> [Supplied material]:
/---
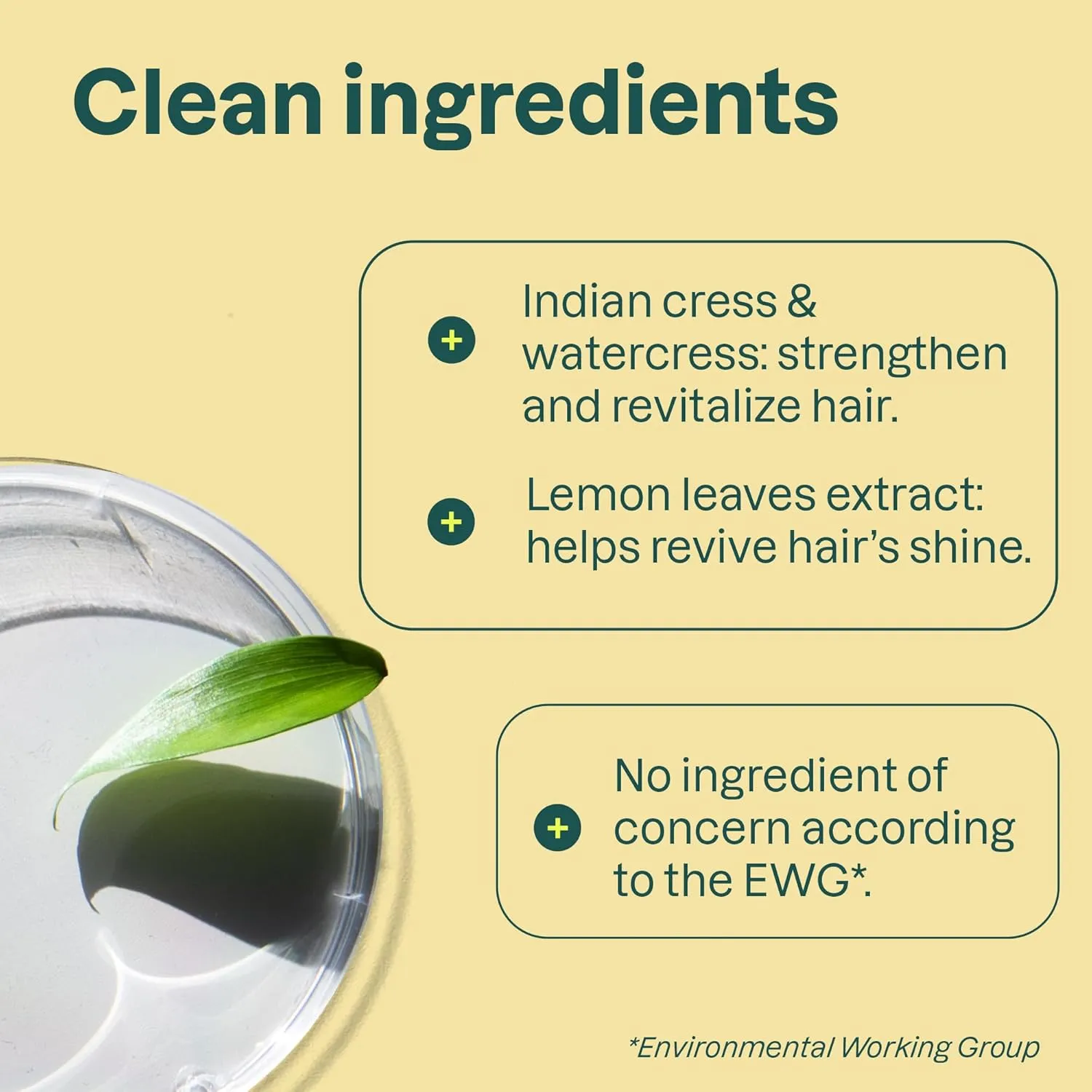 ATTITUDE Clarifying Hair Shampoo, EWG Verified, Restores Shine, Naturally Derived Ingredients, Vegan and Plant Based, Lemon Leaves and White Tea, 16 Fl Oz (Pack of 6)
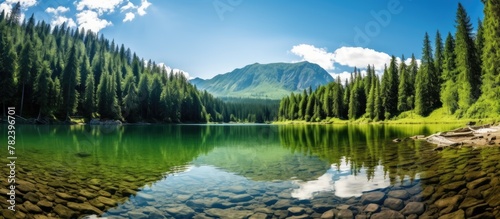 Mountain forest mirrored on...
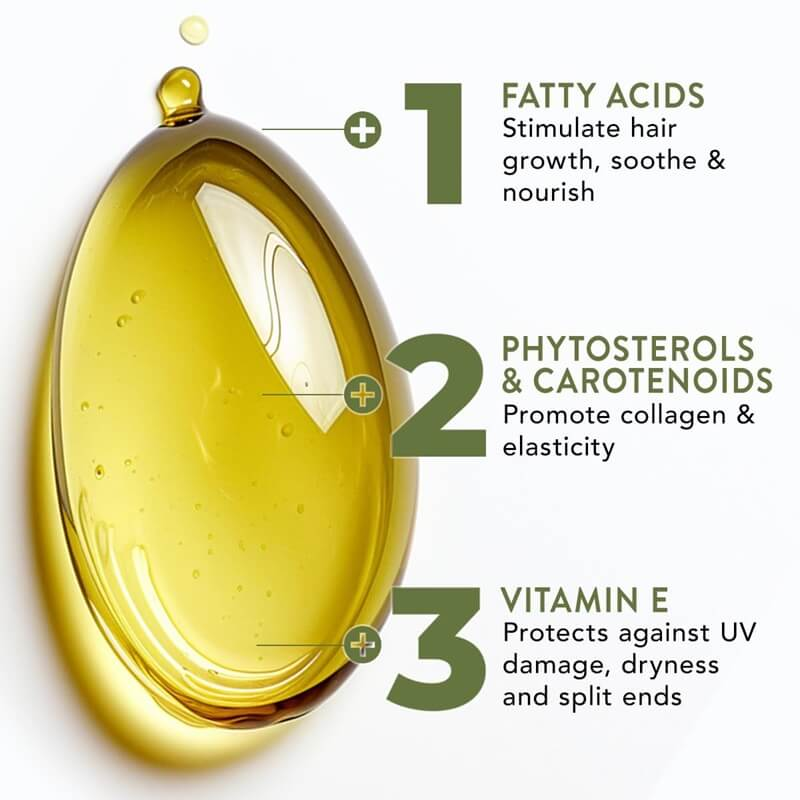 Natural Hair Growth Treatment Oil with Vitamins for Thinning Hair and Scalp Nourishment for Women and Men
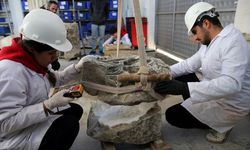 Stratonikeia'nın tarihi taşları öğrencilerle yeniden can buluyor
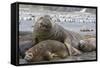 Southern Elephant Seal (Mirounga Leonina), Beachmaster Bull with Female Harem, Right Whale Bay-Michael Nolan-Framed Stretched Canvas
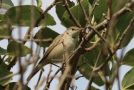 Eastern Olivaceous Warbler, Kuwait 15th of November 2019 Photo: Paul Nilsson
\---
> [Your goal]: Give the data again exactly as it stands, apart from the pictures.

> [Answer for the task]:
 ATTITUDE Clarifying Hair Shampoo, EWG Verified, Restores Shine, Naturally Derived Ingredients, Vegan and Plant Based, Lemon Leaves and White Tea, 16 Fl Oz (Pack of 6)
 Mountain forest mirrored on...
 Natural Hair Growth Treatment Oil with Vitamins for Thinning Hair and Scalp Nourishment for Women and Men
 Stratonikeia'nın tarihi taşları öğrencilerle yeniden can buluyor
 Southern Elephant Seal (Mirounga Leonina), Beachmaster Bull with Female Harem, Right Whale Bay-Michael Nolan-Framed Stretched Canvas
 Eastern Olivaceous Warbler, Kuwait 15th of November 2019 Photo: Paul Nilsson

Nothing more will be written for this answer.